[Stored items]
————————
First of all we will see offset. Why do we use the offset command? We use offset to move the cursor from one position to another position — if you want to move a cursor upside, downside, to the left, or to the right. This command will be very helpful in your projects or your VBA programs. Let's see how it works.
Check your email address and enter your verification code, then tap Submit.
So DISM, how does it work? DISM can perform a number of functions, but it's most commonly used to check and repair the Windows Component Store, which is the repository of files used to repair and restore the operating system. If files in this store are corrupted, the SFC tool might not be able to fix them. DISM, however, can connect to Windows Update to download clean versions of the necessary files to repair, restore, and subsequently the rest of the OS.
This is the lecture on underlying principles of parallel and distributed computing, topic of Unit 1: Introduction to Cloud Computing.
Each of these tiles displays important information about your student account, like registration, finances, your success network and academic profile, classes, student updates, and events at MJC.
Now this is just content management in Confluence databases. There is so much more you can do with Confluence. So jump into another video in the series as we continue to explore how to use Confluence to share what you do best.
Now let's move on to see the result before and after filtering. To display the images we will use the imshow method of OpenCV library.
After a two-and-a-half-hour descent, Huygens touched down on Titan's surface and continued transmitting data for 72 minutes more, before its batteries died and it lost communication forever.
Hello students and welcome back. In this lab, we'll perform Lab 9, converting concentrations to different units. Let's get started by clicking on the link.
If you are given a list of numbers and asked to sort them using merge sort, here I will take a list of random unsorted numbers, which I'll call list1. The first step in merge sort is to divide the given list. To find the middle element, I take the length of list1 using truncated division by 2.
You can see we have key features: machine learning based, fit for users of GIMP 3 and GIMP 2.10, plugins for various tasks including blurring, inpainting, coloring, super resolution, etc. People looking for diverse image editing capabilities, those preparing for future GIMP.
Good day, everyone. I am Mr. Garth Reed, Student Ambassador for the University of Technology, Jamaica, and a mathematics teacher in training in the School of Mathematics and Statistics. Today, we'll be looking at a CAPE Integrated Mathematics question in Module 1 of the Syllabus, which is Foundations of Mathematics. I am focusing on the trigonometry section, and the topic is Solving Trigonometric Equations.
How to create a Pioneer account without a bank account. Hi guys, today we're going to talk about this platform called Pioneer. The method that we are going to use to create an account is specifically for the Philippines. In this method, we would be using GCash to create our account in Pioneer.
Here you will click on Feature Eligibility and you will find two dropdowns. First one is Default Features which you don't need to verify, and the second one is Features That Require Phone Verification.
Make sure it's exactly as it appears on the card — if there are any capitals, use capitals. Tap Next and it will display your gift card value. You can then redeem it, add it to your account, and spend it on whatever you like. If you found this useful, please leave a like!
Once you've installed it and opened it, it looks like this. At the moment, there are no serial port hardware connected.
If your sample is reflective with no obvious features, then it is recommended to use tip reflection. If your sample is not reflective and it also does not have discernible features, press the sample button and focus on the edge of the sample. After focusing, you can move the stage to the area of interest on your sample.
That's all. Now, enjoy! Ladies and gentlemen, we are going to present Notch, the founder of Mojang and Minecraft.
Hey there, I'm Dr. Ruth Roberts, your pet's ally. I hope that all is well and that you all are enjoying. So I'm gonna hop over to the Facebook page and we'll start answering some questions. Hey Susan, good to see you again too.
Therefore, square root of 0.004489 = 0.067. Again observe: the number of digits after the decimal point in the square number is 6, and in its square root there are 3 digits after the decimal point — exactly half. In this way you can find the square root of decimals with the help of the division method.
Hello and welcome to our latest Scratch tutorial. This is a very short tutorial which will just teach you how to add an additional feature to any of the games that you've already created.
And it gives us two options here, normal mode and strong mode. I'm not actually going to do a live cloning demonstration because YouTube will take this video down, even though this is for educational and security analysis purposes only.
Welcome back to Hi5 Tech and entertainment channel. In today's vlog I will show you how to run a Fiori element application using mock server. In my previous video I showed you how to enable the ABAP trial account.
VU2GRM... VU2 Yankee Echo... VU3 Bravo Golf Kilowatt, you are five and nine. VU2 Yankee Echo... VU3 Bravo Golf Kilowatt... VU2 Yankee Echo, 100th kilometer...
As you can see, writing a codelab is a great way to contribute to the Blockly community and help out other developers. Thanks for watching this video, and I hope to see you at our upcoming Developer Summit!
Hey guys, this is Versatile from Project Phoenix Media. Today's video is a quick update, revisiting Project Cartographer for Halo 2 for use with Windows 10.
————————
• _PROBLEM_
Each record above is to be reproduced word for word.

• _ANSWER TO THE PROBLEM_
First of all we will see offset. Why do we use the offset command? We use offset to move the cursor from one position to another position — if you want to move a cursor upside, downside, to the left, or to the right. This command will be very helpful in your projects or your VBA programs. Let's see how it works.
Check your email address and enter your verification code, then tap Submit.
So DISM, how does it work? DISM can perform a number of functions, but it's most commonly used to check and repair the Windows Component Store, which is the repository of files used to repair and restore the operating system. If files in this store are corrupted, the SFC tool might not be able to fix them. DISM, however, can connect to Windows Update to download clean versions of the necessary files to repair, restore, and subsequently the rest of the OS.
This is the lecture on underlying principles of parallel and distributed computing, topic of Unit 1: Introduction to Cloud Computing.
Each of these tiles displays important information about your student account, like registration, finances, your success network and academic profile, classes, student updates, and events at MJC.
Now this is just content management in Confluence databases. There is so much more you can do with Confluence. So jump into another video in the series as we continue to explore how to use Confluence to share what you do best.
Now let's move on to see the result before and after filtering. To display the images we will use the imshow method of OpenCV library.
After a two-and-a-half-hour descent, Huygens touched down on Titan's surface and continued transmitting data for 72 minutes more, before its batteries died and it lost communication forever.
Hello students and welcome back. In this lab, we'll perform Lab 9, converting concentrations to different units. Let's get started by clicking on the link.
If you are given a list of numbers and asked to sort them using merge sort, here I will take a list of random unsorted numbers, which I'll call list1. The first step in merge sort is to divide the given list. To find the middle element, I take the length of list1 using truncated division by 2.
You can see we have key features: machine learning based, fit for users of GIMP 3 and GIMP 2.10, plugins for various tasks including blurring, inpainting, coloring, super resolution, etc. People looking for diverse image editing capabilities, those preparing for future GIMP.
Good day, everyone. I am Mr. Garth Reed, Student Ambassador for the University of Technology, Jamaica, and a mathematics teacher in training in the School of Mathematics and Statistics. Today, we'll be looking at a CAPE Integrated Mathematics question in Module 1 of the Syllabus, which is Foundations of Mathematics. I am focusing on the trigonometry section, and the topic is Solving Trigonometric Equations.
How to create a Pioneer account without a bank account. Hi guys, today we're going to talk about this platform called Pioneer. The method that we are going to use to create an account is specifically for the Philippines. In this method, we would be using GCash to create our account in Pioneer.
Here you will click on Feature Eligibility and you will find two dropdowns. First one is Default Features which you don't need to verify, and the second one is Features That Require Phone Verification.
Make sure it's exactly as it appears on the card — if there are any capitals, use capitals. Tap Next and it will display your gift card value. You can then redeem it, add it to your account, and spend it on whatever you like. If you found this useful, please leave a like!
Once you've installed it and opened it, it looks like this. At the moment, there are no serial port hardware connected.
If your sample is reflective with no obvious features, then it is recommended to use tip reflection. If your sample is not reflective and it also does not have discernible features, press the sample button and focus on the edge of the sample. After focusing, you can move the stage to the area of interest on your sample.
That's all. Now, enjoy! Ladies and gentlemen, we are going to present Notch, the founder of Mojang and Minecraft.
Hey there, I'm Dr. Ruth Roberts, your pet's ally. I hope that all is well and that you all are enjoying. So I'm gonna hop over to the Facebook page and we'll start answering some questions. Hey Susan, good to see you again too.
Therefore, square root of 0.004489 = 0.067. Again observe: the number of digits after the decimal point in the square number is 6, and in its square root there are 3 digits after the decimal point — exactly half. In this way you can find the square root of decimals with the help of the division method.
Hello and welcome to our latest Scratch tutorial. This is a very short tutorial which will just teach you how to add an additional feature to any of the games that you've already created.
And it gives us two options here, normal mode and strong mode. I'm not actually going to do a live cloning demonstration because YouTube will take this video down, even though this is for educational and security analysis purposes only.
Welcome back to Hi5 Tech and entertainment channel. In today's vlog I will show you how to run a Fiori element application using mock server. In my previous video I showed you how to enable the ABAP trial account.
VU2GRM... VU2 Yankee Echo... VU3 Bravo Golf Kilowatt, you are five and nine. VU2 Yankee Echo... VU3 Bravo Golf Kilowatt... VU2 Yankee Echo, 100th kilometer...
As you can see, writing a codelab is a great way to contribute to the Blockly community and help out other developers. Thanks for watching this video, and I hope to see you at our upcoming Developer Summit!
Hey guys, this is Versatile from Project Phoenix Media. Today's video is a quick update, revisiting Project Cartographer for Halo 2 for use with Windows 10.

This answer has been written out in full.